Exercise aim:
Apart from the pictures, return every line of the listing exactly.

-------- Given material

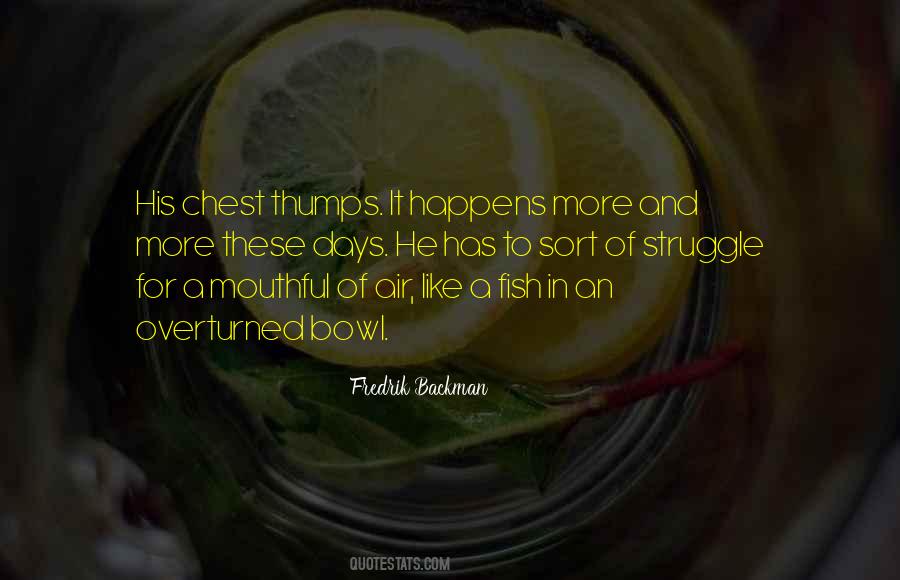 Quotes About A Fish Bowl #179441
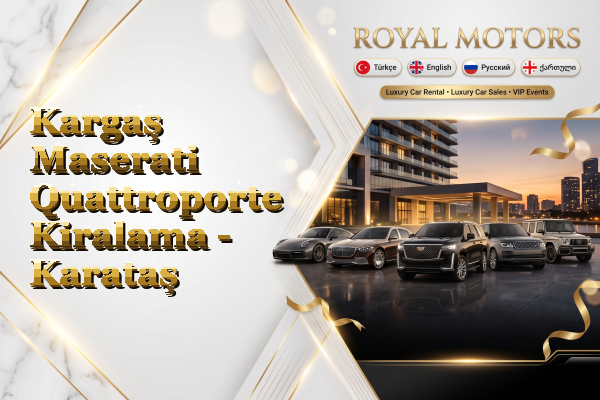 Kargaş Maserati Quattroporte Kiralama - Karataş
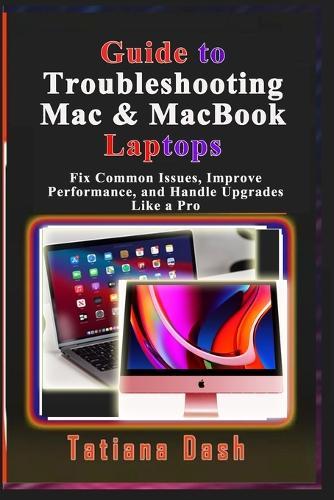 Guide to Troubleshooting Mac & MacBook Laptops: Fix Common Issues, Improve Performance, and Handle Upgrades Like a Pro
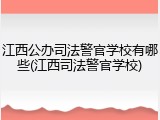 江西公办司法警官学校有哪些(江西司法警官学校)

----------------

Exercise response:
 Quotes About A Fish Bowl #179441
 Kargaş Maserati Quattroporte Kiralama - Karataş
 Guide to Troubleshooting Mac & MacBook Laptops: Fix Common Issues, Improve Performance, and Handle Upgrades Like a Pro
 江西公办司法警官学校有哪些(江西司法警官学校)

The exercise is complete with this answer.